Sleepovers

Sleepovers

I already wrote a little about overnight call before, and even mentioned the slumber party comparison at the time. I thought it would make for a cute comic, though, so here it is. When I was little, my sleepovers consisted mostly of late-night chick flicks, too much junk food, and a healthy dose of gossip. Pillow fights were a rare occurrance.

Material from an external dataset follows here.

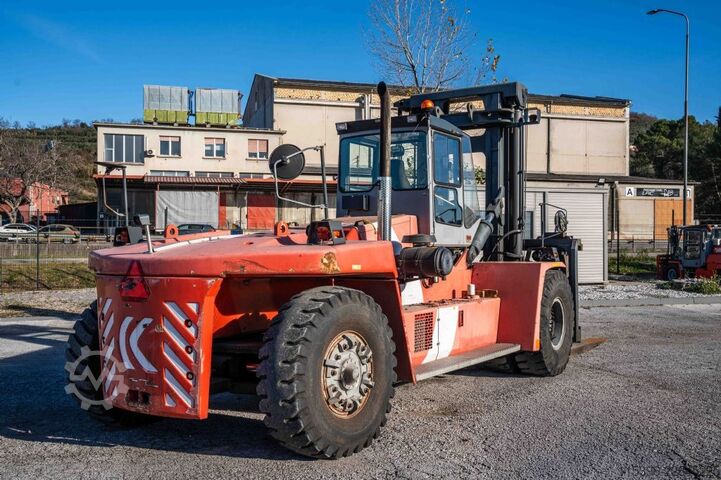 Heavy Forklift - Diesel Kalmar DCF 330-12 LB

What I learned from my parents

A week or so ago, the air conditioner in my bedroom decided to stop working during what may have been some of the hottest days I’ve ever had to endure without a functioning air conditioner. Even when I tried to sleep in the sweltering heat, however, I, oddly enough, continued to insist on covering my belly with a corner of my blanket. Why? When I was little, my parents (at least, I think it was my parents– they seem to deny it) told me that if I didn’t, I would get diarrhea the next day. Of course, I know that this isn’t true, but it seems that I’m now unable to sleep without covering my abdomen.

When I was about 5 or 6 years old, I loved to eat fish. That is, until one day when I was eating fish soup and became convinced that I had swallowed a fish bone and that it had lodged itself in my throat. As my young self was panicking about this perceived emergency, my less-than-comforting father decided to relate a story about how, if I couldn’t manage to dislodge the fish bone, that my neck would turn green. He then gave me a hard candy and instructed me to swallow it whole. To this day, I have trouble eating fish.

Ever since I graduated from high school, and it became clear that I had stopped growing, my mother has expressed great disappointment with my height. She and my father are relatively tall, at ~5’7″ and ~5’9″ respectively, especially for us generally-diminutive Asians. She just can’t seem to figure out how such tall parents could have produced a daughter who is merely 5’5″. She has instructed me to dangle a ball from the ceiling, and to reach for it daily. She insists that this will make me taller, closed growth plates be damned.

Disclaimer: Let me just make it clear that I love my parents, and that most of what I’ve said above has been reconstructed from old, vague, and probably entirely inaccurate memories. I mean only to poke fun at myself and at them in an endearing fashion.